Je vous rappelle que la loi Évin dresse la liste des supports autorisés pour la publicité en faveur de l’alcool, liste sur laquelle ne figure pas Internet. Cette interdiction de publicité sur Internet a été rappelée par le tribunal de grande instance de Paris, dont le jugement a été confirmé par la cour d’appel de Paris le 13 février 2008.
Cette dernière a souligné que le site concerné, qui appartient à la marque Heineken, était clairement destiné à faire de la publicité en faveur de la bière au moyen, notamment, de jeux, d’animations sonores ou de visuels attractifs. De tels agissements, inacceptables, sont contraires à la loi.
Bien que cette publicité ne fût pas envisagée par le code de la santé publique, jusqu’à cette condamnation, les producteurs d’alcool avaient choisi de considérer la publicité en faveur des boissons alcooliques sur Internet comme permise, sur le fondement d’un avis du Bureau de vérification de la publicité, dont la jurisprudence a rappelé qu’il n’avait pas de portée législative ou juridictionnelle.
Depuis cette décision, certains s’inquiètent que toute personne faisant la promotion de l’alcool sur Internet puisse être théoriquement condamnée. J’insiste sur le mot « théoriquement », car il n’est nullement établi qu’une action en justice puisse être engagée contre un site ne réalisant que de la vente en ligne. Pour poursuivre un site en justice, il faut y être habilité. Ainsi, l’action en justice contre Heineken a été menée par l’ANPAA, l’Association nationale de prévention en alcoologie et addictologie.
L’ANPAA est une association responsable et il paraît peu probable qu’elle s’attaque au site de vente en ligne d’un vigneron indépendant ou au site de l’office de tourisme d’une région vinicole.
En outre, il n’est nullement certain qu’une telle action conduirait à la condamnation de l’exploitant du site. Dans l’affaire Heineken, il a ainsi été considéré que le site condamné n’était pas destiné directement à la vente. La marque Heineken dispose d’un autre site dédié à cette activité.
Il me semble logique de considérer que la position juridique puisse être différente pour les sites de vente en ligne. Non considérés comme des supports de publicité, ils pourraient être autorisés.

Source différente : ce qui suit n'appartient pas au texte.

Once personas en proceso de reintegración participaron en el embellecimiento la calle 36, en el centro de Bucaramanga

Néanmoins, cette interprétation n’étant pas juridiquement certaine, Mme la ministre de la santé peut donc comprendre la crainte, notamment de la part de la filière viticole, d’une condamnation d’un site de vente en ligne.

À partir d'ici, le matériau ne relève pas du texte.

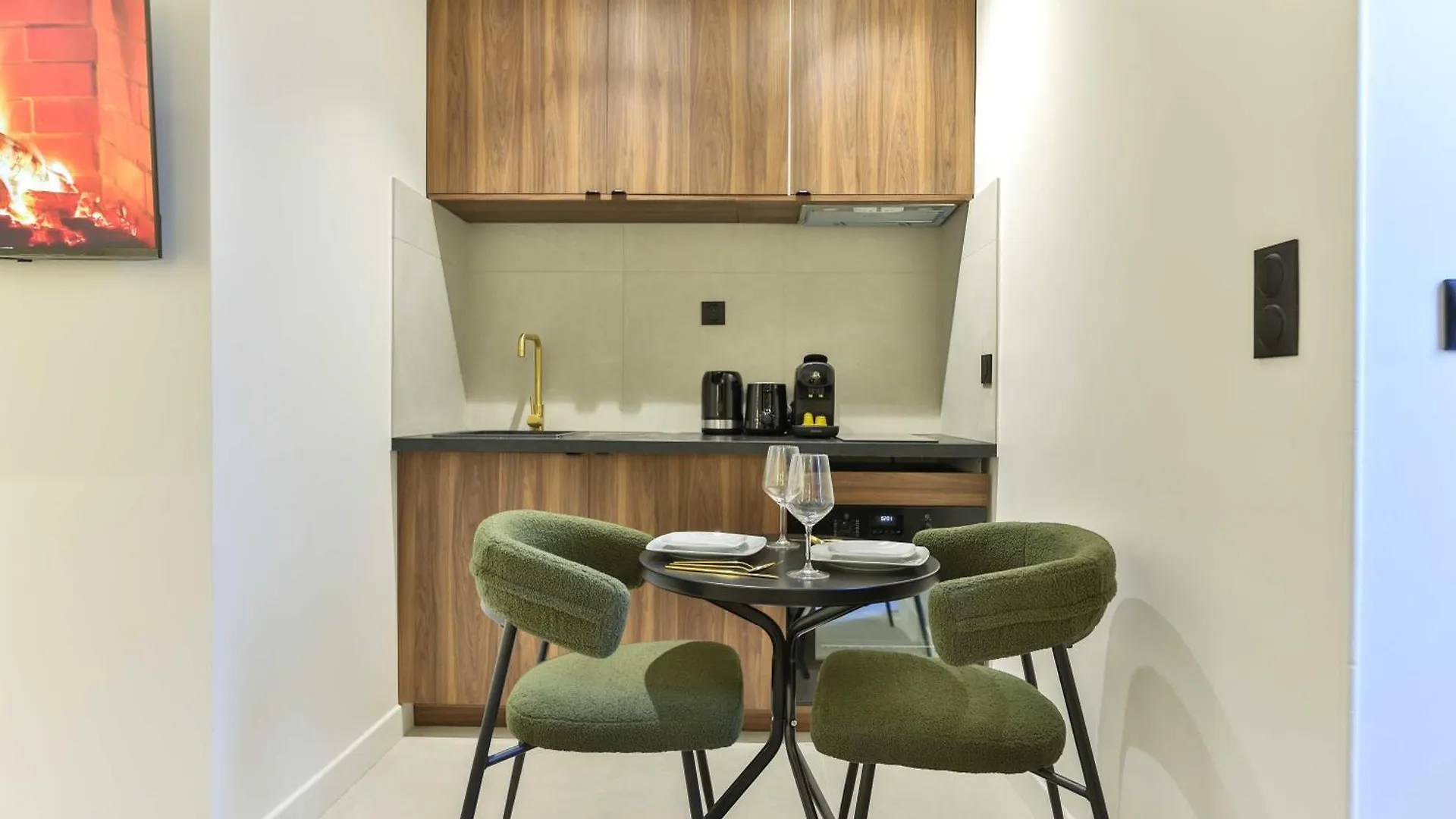Beautiful 1-Bedroom Apartment 2Pers Rue Du Commerce Eiffeil Tower Paris France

Face à cette incertitude, certains réclament la modernisation de la loi Évin afin de soumettre les sites de vente en ligne au même encadrement publicitaire que les commerces d’alcool « physiques ». Certains vont plus loin en demandant une large diffusion de la publicité en faveur de l’alcool sur Internet.
Je tiens à mettre formellement en garde les tenants d’une libéralisation de la publicité sur Internet, qui représente deux dangers. D’une part, une libéralisation non strictement encadrée de la publicité en faveur de l’alcool sur Internet profiterait d’abord aux grands groupes industriels producteurs d’alcool, qui disposent de moyens publicitaires très importants, plutôt qu’à la filière viticole. D’autre part, les jeunes, dont nous connaissons la vulnérabilité, et qui sont de grands utilisateurs d’Internet, seraient harcelés par l’ensemble des techniques de promotion telles que les pop-up, les spams et les liens sponsorisés. Alors que l’alcoolisation des jeunes est un phénomène croissant, il n’est pas concevable de laisser les publicités en faveur de l’alcool envahir ce média. Toute la littérature scientifique montre le fort impact de la publicité sur les comportements d’alcoolisation.

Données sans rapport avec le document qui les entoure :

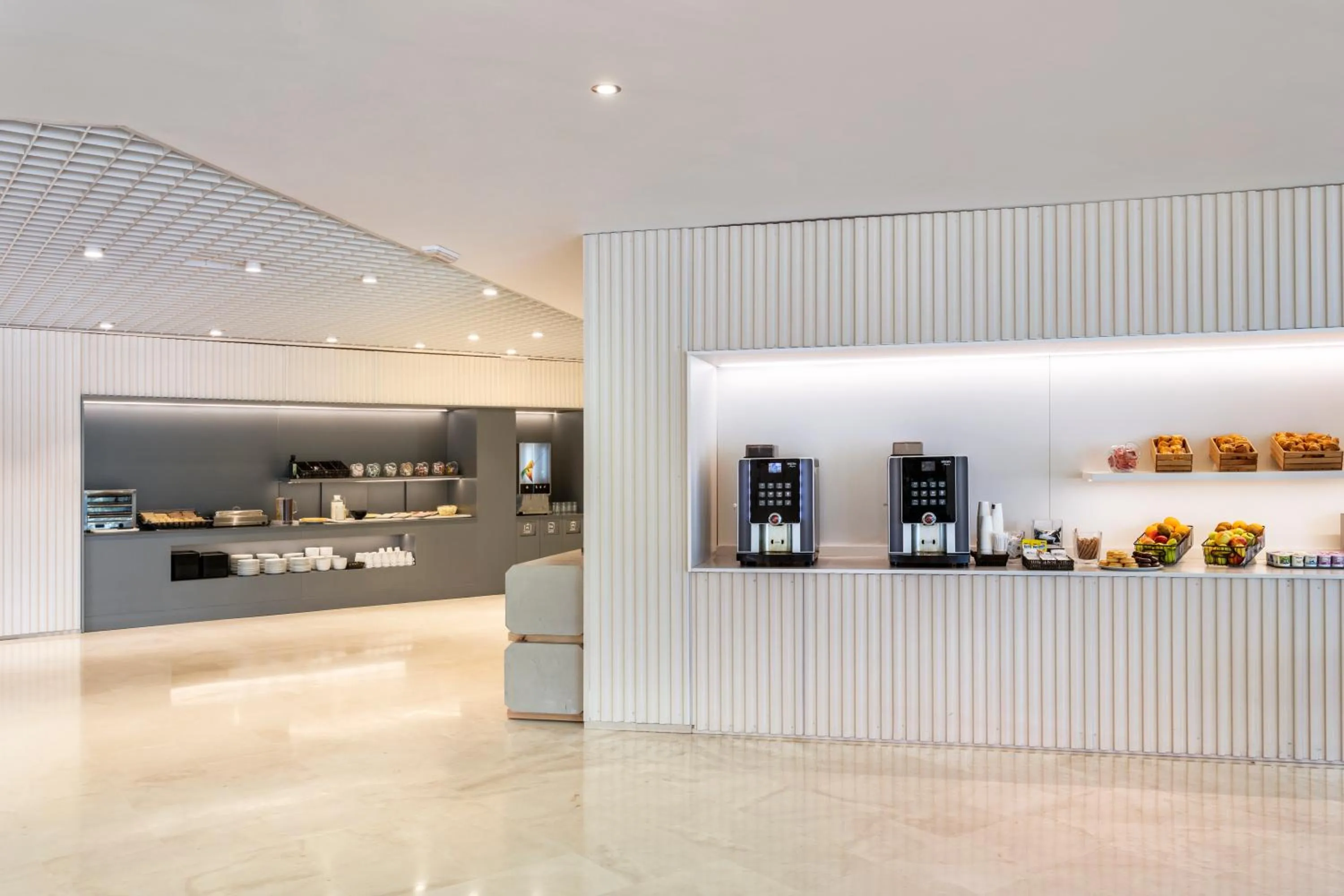 Buffet breakfast in B&B HOTEL Jerez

Il existe un large consensus sur la nécessité de protéger les plus jeunes des dangers de l’alcool. Toutefois, Mme Roselyne Bachelot-Narquin entend le souhait de ne pas laisser peser sur un important secteur économique un risque de contentieux, aussi relatif soit-il. C’est pourquoi elle va engager, en lien avec les ministères concernés, une réflexion sur cette question en y associant les acteurs sanitaires et économiques du secteur.